WHAT YOU WILL DO:
Please output exactly the part of the records below that opens with the line containing "44524073 :رقم المزاد" and closes with the line containing "Ford TRANSIT 350", both lines included, and nothing else.

PROVIDED MATERIAL:
◆ ◆ ◆ ◆
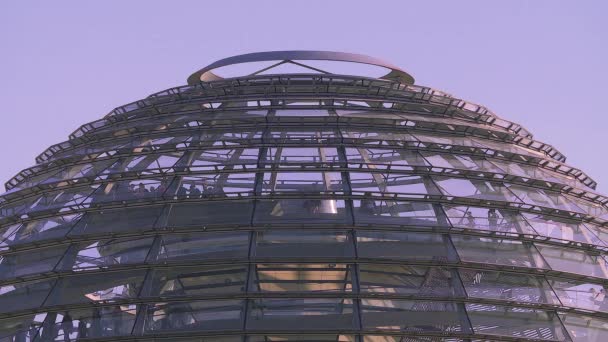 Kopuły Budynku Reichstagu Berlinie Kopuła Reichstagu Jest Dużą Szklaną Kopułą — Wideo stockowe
◆ ◆ ◆ ◆
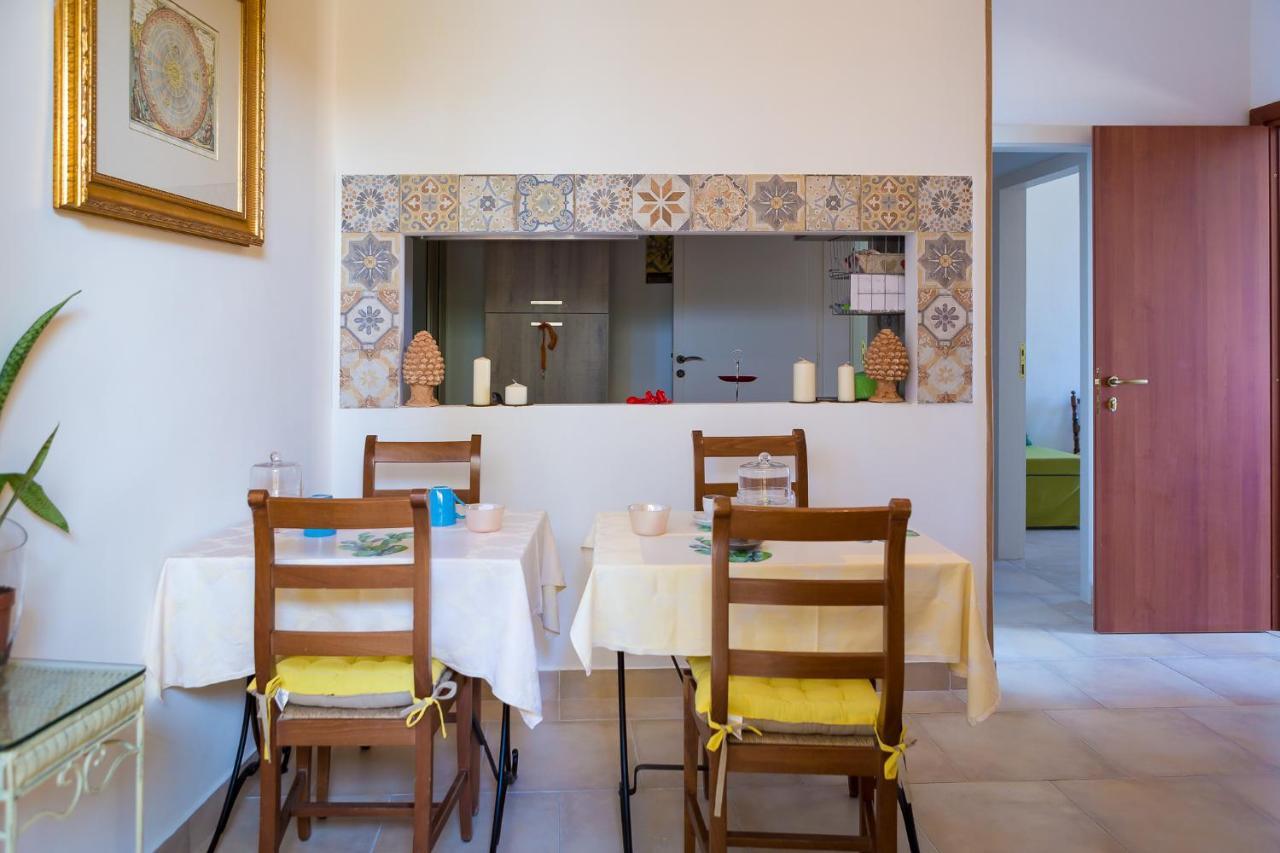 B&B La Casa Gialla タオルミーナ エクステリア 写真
◆ ◆ ◆ ◆
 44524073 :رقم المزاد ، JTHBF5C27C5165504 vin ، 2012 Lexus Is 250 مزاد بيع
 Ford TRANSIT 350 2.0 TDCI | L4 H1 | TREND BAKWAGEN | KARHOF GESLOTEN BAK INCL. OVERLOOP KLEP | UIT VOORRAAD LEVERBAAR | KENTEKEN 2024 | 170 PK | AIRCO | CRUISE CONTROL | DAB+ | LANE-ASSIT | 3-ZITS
◆ ◆ ◆ ◆
SOLUTION TO THE PROBLEM:
 44524073 :رقم المزاد ، JTHBF5C27C5165504 vin ، 2012 Lexus Is 250 مزاد بيع
 Ford TRANSIT 350 2.0 TDCI | L4 H1 | TREND BAKWAGEN | KARHOF GESLOTEN BAK INCL. OVERLOOP KLEP | UIT VOORRAAD LEVERBAAR | KENTEKEN 2024 | 170 PK | AIRCO | CRUISE CONTROL | DAB+ | LANE-ASSIT | 3-ZITS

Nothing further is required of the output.